== Task description ==
In the listing below, start your output at the line with "side view of" and end it after the line with "Handsome happy man", copying every line exactly.
§
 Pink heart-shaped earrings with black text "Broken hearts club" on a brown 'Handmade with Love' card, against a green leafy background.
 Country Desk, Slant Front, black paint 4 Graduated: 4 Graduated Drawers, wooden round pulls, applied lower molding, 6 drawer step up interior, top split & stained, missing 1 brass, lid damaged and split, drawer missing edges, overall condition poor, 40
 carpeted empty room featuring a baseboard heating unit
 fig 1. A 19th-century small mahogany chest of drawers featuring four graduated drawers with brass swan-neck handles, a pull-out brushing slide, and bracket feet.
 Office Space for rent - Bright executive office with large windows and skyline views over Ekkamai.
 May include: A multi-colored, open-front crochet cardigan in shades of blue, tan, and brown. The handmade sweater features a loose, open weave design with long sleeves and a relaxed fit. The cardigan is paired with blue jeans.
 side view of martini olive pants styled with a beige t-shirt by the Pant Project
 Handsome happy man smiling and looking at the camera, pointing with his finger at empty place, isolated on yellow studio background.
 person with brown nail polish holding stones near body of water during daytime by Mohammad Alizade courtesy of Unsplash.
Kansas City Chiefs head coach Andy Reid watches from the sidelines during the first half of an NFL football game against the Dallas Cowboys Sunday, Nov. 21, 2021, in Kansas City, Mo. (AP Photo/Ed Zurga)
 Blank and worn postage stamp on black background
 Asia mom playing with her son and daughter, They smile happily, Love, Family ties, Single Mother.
§
== Result ==
 side view of martini olive pants styled with a beige t-shirt by the Pant Project
 Handsome happy man smiling and looking at the camera, pointing with his finger at empty place, isolated on yellow studio background.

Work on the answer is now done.